On my flight to Sydney, I found a missed requirement. Or perhaps it was a de-prioritized one that just never got developed. And honestly as an end user, I won’t ever know.
The issue was that I most often fly American, and for this trip I was flying on a partner airline. Well, because they are partners, my status on American translated to the partner airline. And because they are partners, the American agent could make sure my special meal request was on my reservation. So all was good, right?
Well, over the Pacific ocean, our first meal came around and I asked the flight attendant if they had my meal. He hurried off to look, and came back with a “no”. He asked to see my boarding pass and so I showed him, curiously wondering why he needed that. After quick glance he recognized the issue and went on to explain that the line of text in which they print my partner airline status bumps the special meal request off that line and off the page – and this is the same problem in both the flight manifest and my boarding pass. So in the printed form which they use to stock the plane with food….there is no record of my meal, just my status. So the moral is, you can only be picky about food or have partner airline status!
In all seriousness though, it’s interesting miss in that the boarding pass had lots of blank white space, yet the system didn’t support printing 2 unrelated pieces of information. And I’m guessing it was a missed requirement, but it could be they decided the percent of the population that has status and with special food needs is small enough, that it wasn’t worth writing and testing the code.
Assuming it’s a missed requirement, I have to think about how it could have been caught. There should be process flows that represent capturing the user’s flight info before the flight, another that deals with printing a manifest and boarding pass, and yet another for stocking the plane. I also would hope there would be Business Data Diagrams (BDDs) to show the objects in play here – such as user, ticket, manifest, plane – and Data Dictionary to capture the specific attributes, such as the meal request and status on the user object. And ultimately business rules should have come out of those attributes.

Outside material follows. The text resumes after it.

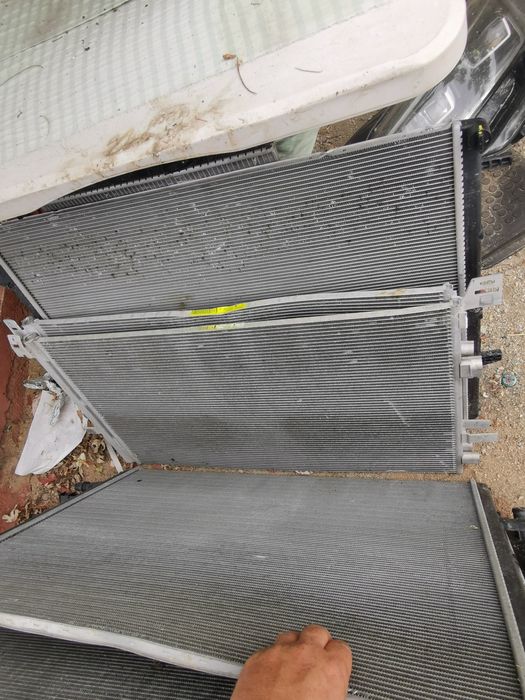 Bara grila aripa stânga dreapta radiatoare Renault master 5 2024/2025/2026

Anyway, I should wrap this up by assuring any worried readers that I didn’t starve. First all, lots of credit goes to the flight attendants who offered me multiple salads and fruit plates and to scrounge business class for whatever food they may have for me. And further, as anyone with special food needs would do, I always carry food with me! So it worked out fine in the end, and at least made for an interesting case for good requirements analysis.